FIG 5.

Ectopic expression of mep72 in E. coli is toxic but is counteracted by coexpression of mep72 with bamI. (A) Serial dilutions of E. coli carrying plasmid-encoded, IPTG-inducible MBP-Mep72 [pMAL-p2X(mep72)], BamI-MBP-Mep72 [pMAL-p2X(bamI, mep72)], and empty pMAL-p2X vector control (pMAL-p2X) were spotted onto LB-agar plates with and without IPTG. The spotted dilutions were allowed to grow for 24 h before being photographed. (B) Mep72 forms an isolable complex with BamI. His₆-BamI was overexpressed in E. coli and refolded. The refolded protein was loaded onto an Ni-NTA affinity matrix. The matrix was washed to remove any unbound BamI. Following this washing, refolded MBP-Mep72 was passed over the matrix. Excess MBP-Mep72 was washed off, and the bound proteins were eluted in buffer containing 300 mM imidazole.
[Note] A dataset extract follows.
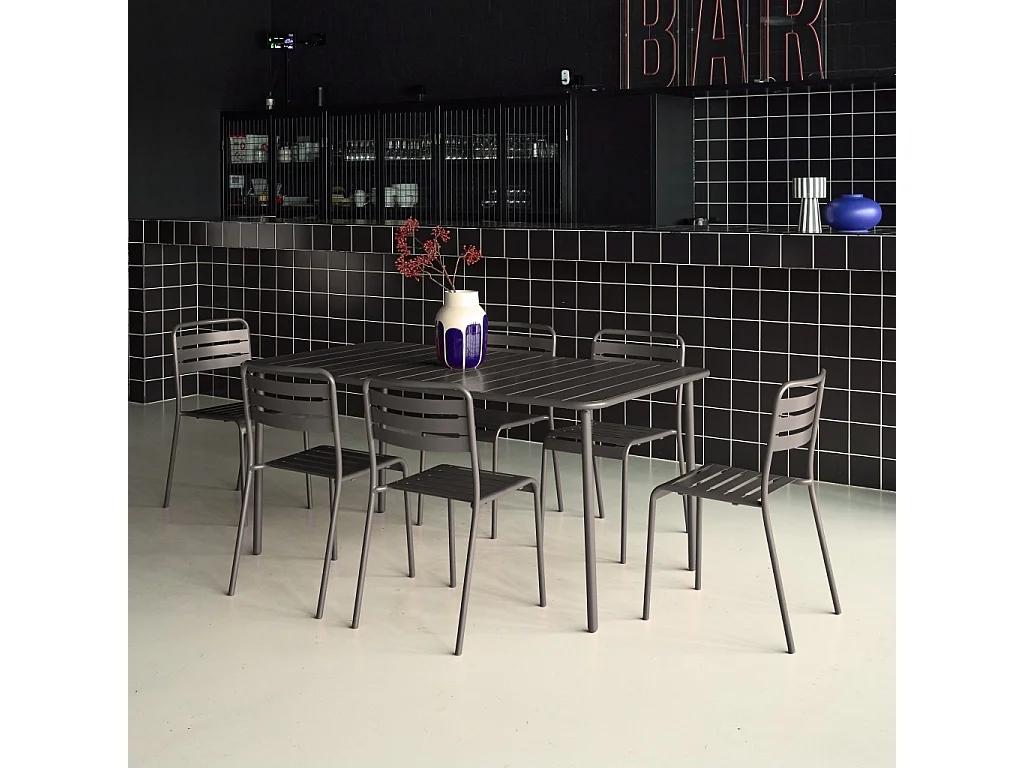Set mesa de jardín de metal con 6 sillas antracita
The presence of BamI and Mep72 in the column loadings and eluates was determined by Western blotting using anti-His₆ antibodies or anti-Mep72 antibodies, as indicated. As a control, we measured the binding of MBP-Mep72 to Ni-NTA beads that had not been pretreated with His₆-BamI. Lane 1, eluate from column precharged with His₆-BamI after adding 300 mM imidazole; lane 2, eluate from control column after adding 300 mM imidazole.